Disclaimer: At this stage these are mainly toy models, dynamic fuzzballs formation, and fuzzball themselves, is still an active subject of research.

EDIT: (reply to the first two comments)

The first reference (see p.20 onwards) describes the case for an infalling shell of matter, but a similar reasoning can be done for your homogeneous cloud with the difference that the bubble fluctuations would start from the center too. Your 2 comment questions:

  1. Not instantly, it takes some time to tunnel. Until enough matter has coalesced you have only virtual fuzzballs quantum fluctuations. Once enough matter is close to the would-be-horizon the tunnelling process is completed over the 76AU. If complementarity is correct, as a coarse-grained observer you would still not observe anything particular until being close to the time you would hit the would-be-singularity.
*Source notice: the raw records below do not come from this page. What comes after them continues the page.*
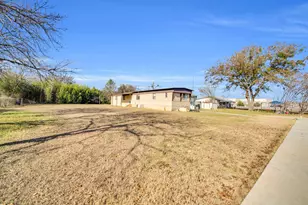 3107 Russell Rd, Arlington, TX 76001 - Photo 3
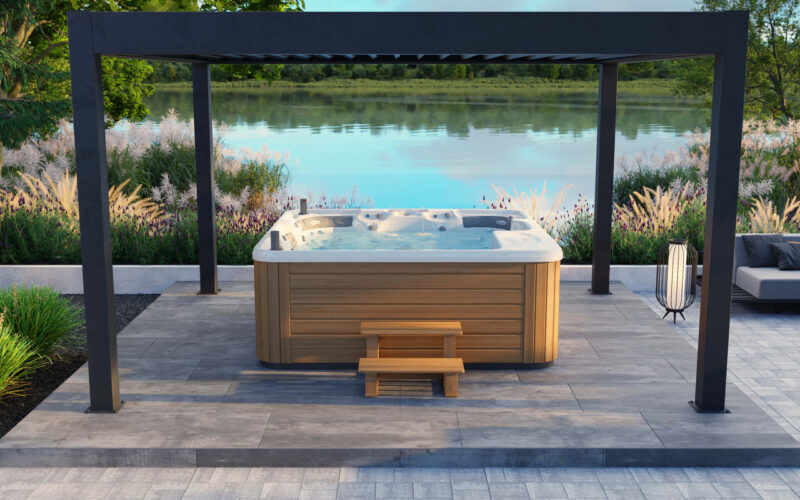 Balatonpart_Jakuzzi_teraszon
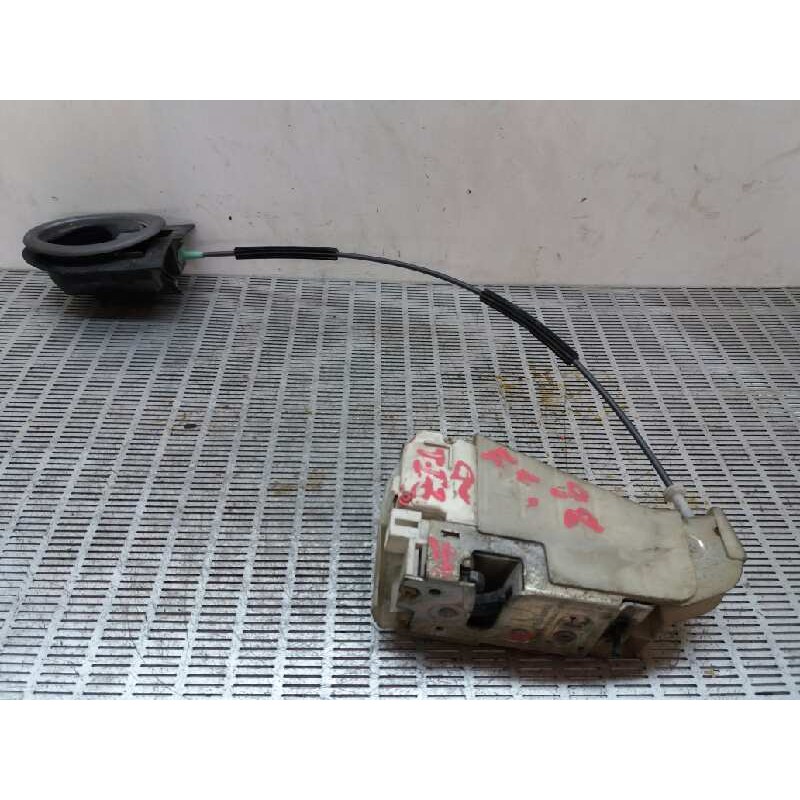 Recambio de cerradura puerta trasera izquierda para ford fiesta berlina referencia OEM IAM  102953 3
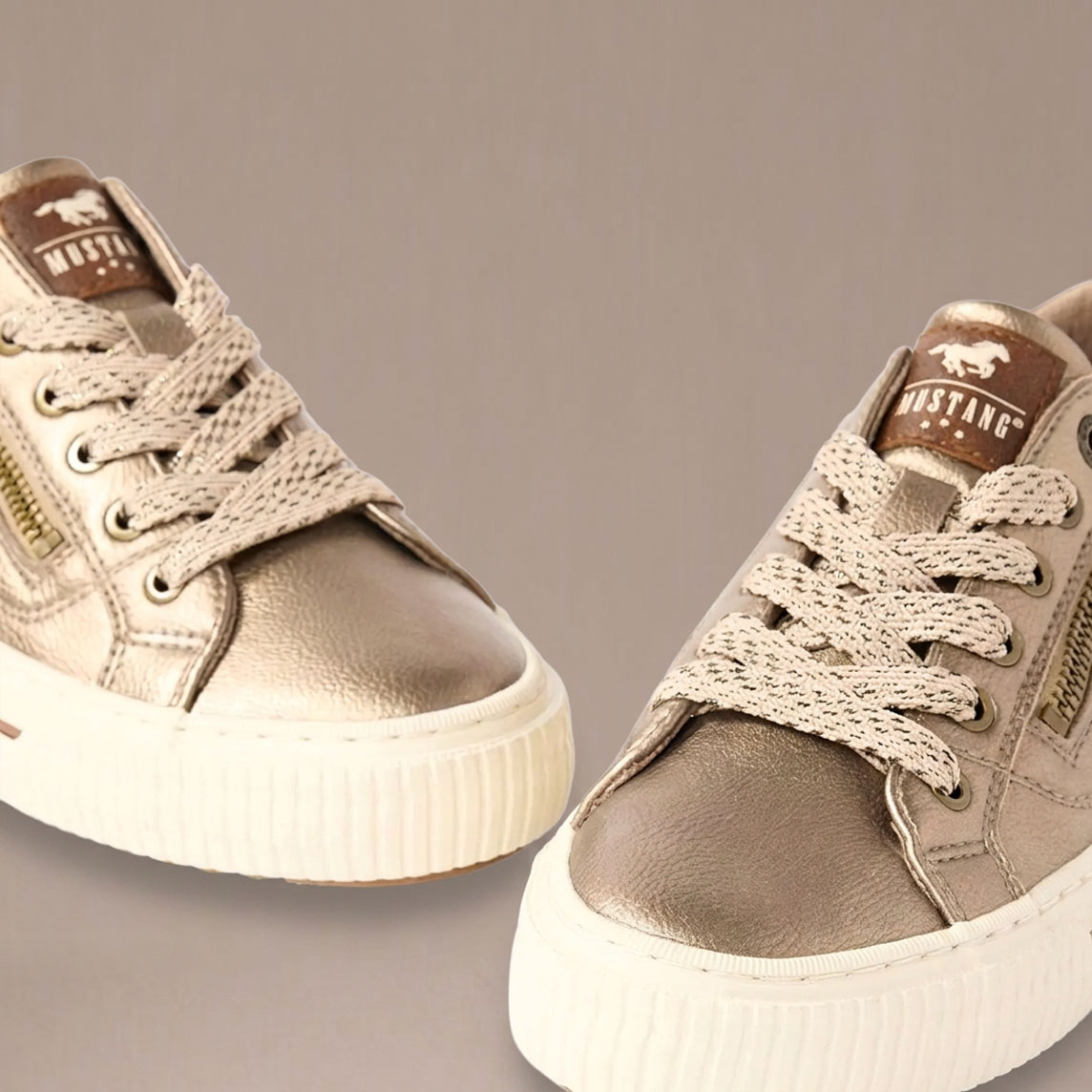Modische Mustang Sneaker in glänzendem Goldton mit seitlichen Reißverschluss-Details.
This is assuming you would experience a black-hole-like experience resulting from the most typical condensate of fuzzballs geometries. If you experience a more general geometry (but this should be less likely in the ensemble), your actual fate seems much harder to describe, but it should be an interpolation betweeen GR black-hole and instant fuzz. I'm not advocating for this to be true by the way, just explaining how the theory seems to explain it.

  2. Near the would-be-horizon. In principle there are even virtual quantum fluctuations of immense fuzzballs of mass say $M + M^{10}$, but those fluctuations don't have any actual mass-energy to put them on-shell.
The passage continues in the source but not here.